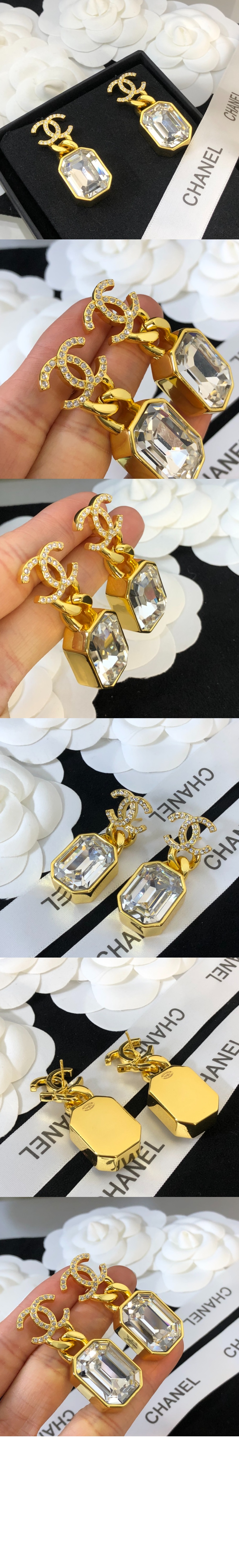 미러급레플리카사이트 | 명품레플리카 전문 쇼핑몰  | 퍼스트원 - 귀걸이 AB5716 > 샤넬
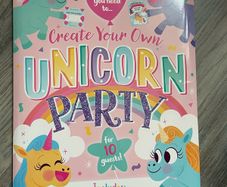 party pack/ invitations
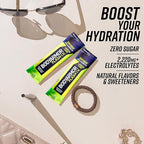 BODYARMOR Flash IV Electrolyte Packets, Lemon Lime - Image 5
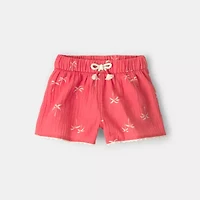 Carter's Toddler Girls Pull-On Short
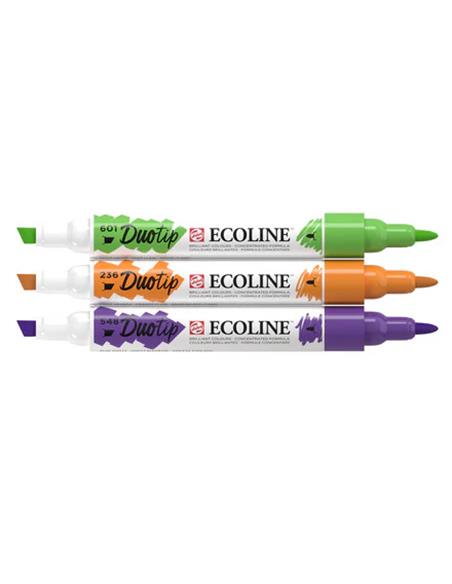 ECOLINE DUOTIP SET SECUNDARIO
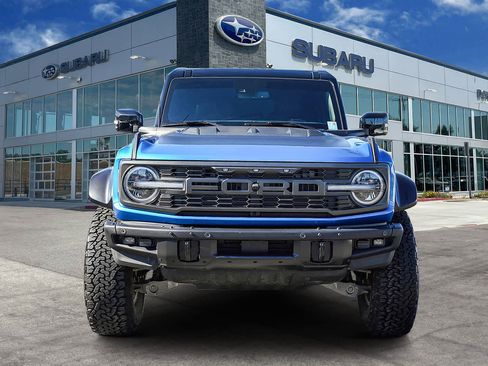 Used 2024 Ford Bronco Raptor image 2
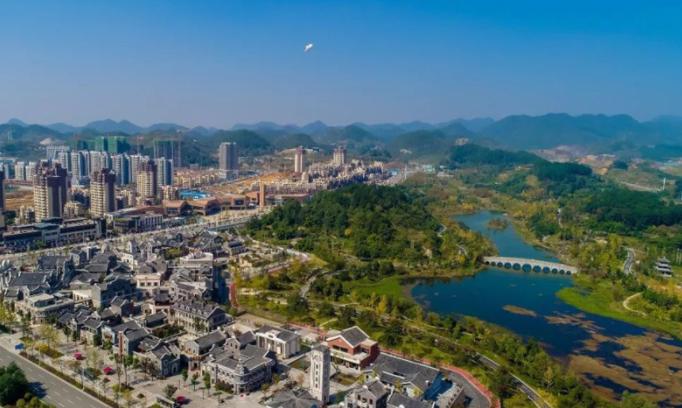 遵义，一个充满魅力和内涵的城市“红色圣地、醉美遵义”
┄┄┄┄┄┄┄┄┄┄
= TASK DETAILS =
Copy out the lines exactly as written, beginning with the one that contains "party pack/ invitations" and ending with the last line of the material; do not include pictures.

= EXERCISE OUTPUT =
 party pack/ invitations
 BODYARMOR Flash IV Electrolyte Packets, Lemon Lime - Image 5
 Carter's Toddler Girls Pull-On Short
 ECOLINE DUOTIP SET SECUNDARIO
 Used 2024 Ford Bronco Raptor image 2
 遵义，一个充满魅力和内涵的城市“红色圣地、醉美遵义”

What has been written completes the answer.